In April of 2018 I decided to start running. We're talking just a mile or two a few times a week. It was the first time in almost 25 years. Actually, it was the first time I started running in 25 years that I did not have to give up after only a few days due to knee pain. I had run in college for Rugby, and I had run shortly after college to stay in shape in the off season for a summer mountain guide job. A long run then might have been 5-6 flat road miles. I stopped running in my 20s. I didn't want to. My knees wanted to. If I ran to the mailbox I would have knee pain for weeks. I started visiting doctors for knee pain when I was 16 (I'm 49 now). I have probably visited at least 10 different doctors over the years to figure out how to fix the pain. None helped. In the months leading up to April 2018 I finally decided to fix it myself, I researched, I experimented, I started walking, then hiking, then running...slowly...after the summer I had enough confidence and I kept going and turned to the trails and added miles...and how that all unfurled is a story for another post.
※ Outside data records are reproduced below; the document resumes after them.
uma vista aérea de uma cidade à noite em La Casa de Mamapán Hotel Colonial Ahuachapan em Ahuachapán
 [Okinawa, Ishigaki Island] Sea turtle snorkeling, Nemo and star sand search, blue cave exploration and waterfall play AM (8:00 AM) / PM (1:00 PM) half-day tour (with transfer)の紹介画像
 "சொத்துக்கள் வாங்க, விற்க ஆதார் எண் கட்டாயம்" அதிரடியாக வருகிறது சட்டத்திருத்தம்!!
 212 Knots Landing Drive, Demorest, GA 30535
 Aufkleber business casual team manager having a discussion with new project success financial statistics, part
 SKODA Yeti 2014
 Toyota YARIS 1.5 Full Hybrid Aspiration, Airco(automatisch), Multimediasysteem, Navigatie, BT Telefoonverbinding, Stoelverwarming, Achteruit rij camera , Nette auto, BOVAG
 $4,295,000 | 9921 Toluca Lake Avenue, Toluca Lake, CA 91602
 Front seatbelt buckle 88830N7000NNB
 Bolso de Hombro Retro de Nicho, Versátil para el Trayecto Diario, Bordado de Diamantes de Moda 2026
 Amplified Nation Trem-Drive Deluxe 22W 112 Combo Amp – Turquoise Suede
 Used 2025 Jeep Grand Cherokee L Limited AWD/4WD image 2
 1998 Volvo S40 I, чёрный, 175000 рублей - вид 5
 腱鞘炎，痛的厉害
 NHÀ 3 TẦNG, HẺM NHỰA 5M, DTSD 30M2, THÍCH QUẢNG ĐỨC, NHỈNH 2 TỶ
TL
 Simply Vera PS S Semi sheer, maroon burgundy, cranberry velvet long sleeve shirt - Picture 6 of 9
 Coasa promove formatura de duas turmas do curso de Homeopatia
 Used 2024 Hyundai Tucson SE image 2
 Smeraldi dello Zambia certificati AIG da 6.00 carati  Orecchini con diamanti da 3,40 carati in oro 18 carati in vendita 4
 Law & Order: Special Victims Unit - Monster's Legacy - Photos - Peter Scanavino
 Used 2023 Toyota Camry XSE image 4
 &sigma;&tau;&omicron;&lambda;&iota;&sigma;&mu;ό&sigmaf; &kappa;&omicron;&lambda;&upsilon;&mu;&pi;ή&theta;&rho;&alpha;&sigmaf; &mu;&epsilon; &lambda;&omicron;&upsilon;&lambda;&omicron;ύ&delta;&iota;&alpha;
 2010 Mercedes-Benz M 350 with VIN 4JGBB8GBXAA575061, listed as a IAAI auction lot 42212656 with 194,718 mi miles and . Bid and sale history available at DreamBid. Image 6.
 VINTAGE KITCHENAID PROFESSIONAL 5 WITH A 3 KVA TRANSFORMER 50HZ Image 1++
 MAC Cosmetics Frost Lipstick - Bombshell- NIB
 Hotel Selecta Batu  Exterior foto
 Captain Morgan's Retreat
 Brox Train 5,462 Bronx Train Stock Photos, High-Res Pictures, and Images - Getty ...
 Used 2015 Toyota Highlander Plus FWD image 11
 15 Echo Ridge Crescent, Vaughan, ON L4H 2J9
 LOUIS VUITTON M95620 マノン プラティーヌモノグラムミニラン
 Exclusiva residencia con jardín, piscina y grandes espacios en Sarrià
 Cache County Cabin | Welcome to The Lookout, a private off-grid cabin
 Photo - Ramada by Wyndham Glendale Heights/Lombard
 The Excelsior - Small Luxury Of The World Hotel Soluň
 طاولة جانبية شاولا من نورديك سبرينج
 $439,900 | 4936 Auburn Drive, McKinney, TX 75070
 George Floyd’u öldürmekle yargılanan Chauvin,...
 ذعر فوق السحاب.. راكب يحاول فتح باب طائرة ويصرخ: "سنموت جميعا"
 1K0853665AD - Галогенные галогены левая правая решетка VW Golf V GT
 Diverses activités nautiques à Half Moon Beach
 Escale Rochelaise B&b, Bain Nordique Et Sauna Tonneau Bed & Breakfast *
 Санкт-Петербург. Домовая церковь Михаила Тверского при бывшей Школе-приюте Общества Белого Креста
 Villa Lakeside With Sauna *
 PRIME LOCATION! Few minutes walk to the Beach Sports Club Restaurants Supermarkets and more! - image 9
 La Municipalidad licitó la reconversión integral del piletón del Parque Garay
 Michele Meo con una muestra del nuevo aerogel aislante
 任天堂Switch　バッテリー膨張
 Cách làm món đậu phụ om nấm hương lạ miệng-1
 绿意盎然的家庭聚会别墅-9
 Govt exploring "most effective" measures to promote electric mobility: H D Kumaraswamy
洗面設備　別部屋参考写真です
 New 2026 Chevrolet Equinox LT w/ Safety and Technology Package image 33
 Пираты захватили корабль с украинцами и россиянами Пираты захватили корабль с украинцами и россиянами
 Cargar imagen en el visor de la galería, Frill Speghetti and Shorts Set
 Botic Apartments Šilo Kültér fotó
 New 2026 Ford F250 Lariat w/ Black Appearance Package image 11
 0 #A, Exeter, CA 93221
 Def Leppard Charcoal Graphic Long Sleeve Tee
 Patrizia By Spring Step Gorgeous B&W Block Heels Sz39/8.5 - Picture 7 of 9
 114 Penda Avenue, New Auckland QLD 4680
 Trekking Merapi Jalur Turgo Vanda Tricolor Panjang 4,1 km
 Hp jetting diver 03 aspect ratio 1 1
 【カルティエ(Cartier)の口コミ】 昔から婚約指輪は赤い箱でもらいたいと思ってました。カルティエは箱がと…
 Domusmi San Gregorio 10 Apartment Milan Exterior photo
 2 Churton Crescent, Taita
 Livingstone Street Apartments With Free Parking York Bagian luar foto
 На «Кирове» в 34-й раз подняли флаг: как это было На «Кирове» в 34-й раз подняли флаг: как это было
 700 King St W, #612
I decided to start this blog because as I started to research running and races I found that a lot of advice was written by runners (duh?). Once you become a runner, you forget what it was like to not be a runner. When I was researching races I really wanted to hear from someone who was new and not someone who has years of experience under their belt and is marathon ready the day after running a marathon. Even if the words were the same, somehow it would make me feel more comfortable if I knew the person was also inexperienced...and
I was also looking for a perspective from someone old...older. As I read blog posts, watch YouTube videos, and listen to podcasts, there are many "younger" runners giving their take on running and training. What a 20 something runner believes is true is true when you are 20 something, but they have no idea what it is like to be an average 50 something year old and how family, work, and aging impacts one's mind and body. Yes, when I was 20 something I could train 2x a day, easily survive on 5 hours of sleep each night, and survived entire week long backpacking trips on Twizzlers and Ramen...that is not true anymore and I could never have imagined that 20+ years ago.
So please keep one thing in mind as you read...I am new to the sport of trail running, I am just about to hit 50 years old, and I have no idea what I am doing.